Think of Steve Jobs, Bill Gates, or Elon Musk: brilliant men, but never accused of belonging in an ivory tower. Their intellectual prowess stems from hard work and gumption, not like softy liberals who spent a decade in a university writing their thesis out of laziness and affirmative action! You see, it’s not intellectualism that is the problem. It is the subject of the intellectualism. The “elites” are only those who think beyond the spectrum of capitalism.

Consider the education system. In a typical situation where such a thing is demanded, what gets cut and what gets funding? The courses that get cut are the things that create “intellectual elites”, and the courses that get funding are the STEM classes. The arts and literary studies which force students to see the world in a different way, or philosophy and gender studies which force students to think about it in a different way, these are the courses that produce the “pretentious”, and they are always first on the chopping block. The classes that can produce workers are the ones which are prioritized, because if you can’t make money for the business you ultimately work for, why bother with an education at all?

So it’s not really anti-intellectualism that is the problem in America (and around the world, to be honest). There are too many celebrated smart people for that to be the case. If someone is calling someone else an “elite” in reference to their status, it’s not going to be that person’s intelligence, but what they stand for that is at issue. This is true even if the person using the term is referring specifically to their education as the reason for their dislike. It may be fun to call people anti-intellectual because there is nothing better than calling your opponent stupid, but it’s not addressing the actual problem.

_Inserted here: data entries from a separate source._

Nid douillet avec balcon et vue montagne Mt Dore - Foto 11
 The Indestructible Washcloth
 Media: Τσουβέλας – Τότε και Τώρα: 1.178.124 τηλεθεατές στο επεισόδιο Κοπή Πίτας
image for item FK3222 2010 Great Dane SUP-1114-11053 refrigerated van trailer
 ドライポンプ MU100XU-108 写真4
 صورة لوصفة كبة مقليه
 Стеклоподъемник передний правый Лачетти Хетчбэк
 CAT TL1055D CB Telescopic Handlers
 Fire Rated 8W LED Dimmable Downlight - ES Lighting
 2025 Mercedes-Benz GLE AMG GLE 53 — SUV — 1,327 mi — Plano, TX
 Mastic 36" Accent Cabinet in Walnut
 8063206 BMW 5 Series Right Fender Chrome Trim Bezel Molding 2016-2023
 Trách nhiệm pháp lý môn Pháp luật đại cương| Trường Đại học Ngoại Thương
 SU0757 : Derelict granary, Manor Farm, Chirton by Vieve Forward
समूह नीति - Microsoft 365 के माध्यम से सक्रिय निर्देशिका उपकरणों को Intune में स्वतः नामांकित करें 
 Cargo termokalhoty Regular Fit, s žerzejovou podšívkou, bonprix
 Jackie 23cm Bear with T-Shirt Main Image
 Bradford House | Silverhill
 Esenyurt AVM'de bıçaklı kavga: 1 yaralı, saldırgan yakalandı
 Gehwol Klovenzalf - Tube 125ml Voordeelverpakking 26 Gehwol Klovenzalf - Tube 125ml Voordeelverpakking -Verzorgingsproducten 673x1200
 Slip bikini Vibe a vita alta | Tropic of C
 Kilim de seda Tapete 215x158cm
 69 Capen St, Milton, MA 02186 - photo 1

This is especially pertinent when you consider how American anti-intellectualism began in the first place. Down to Earth Republicanism trying to convince the working poor that the interests of the business class superseded theirs. The people telling them otherwise were Other. Untrustworthy, smug, self-righteous, lazy, and prone to affirmative action! It was never about actual intellectualism. I mean the elephant in the room, President Trump, is revered due to his alleged business savvy and acumen. Intellectual pursuits! He himself claims to be incredibly intelligent. Personally I would consider that just another alternative fact, but the point is that because it relates to a pro-capitalist agenda, his accomplishments are not considered “elite.” Imagine a world where a billionaire president is not considered an intellectual elite by his own argument, and that should give you a good impression as to what anti-intellectualism is really about.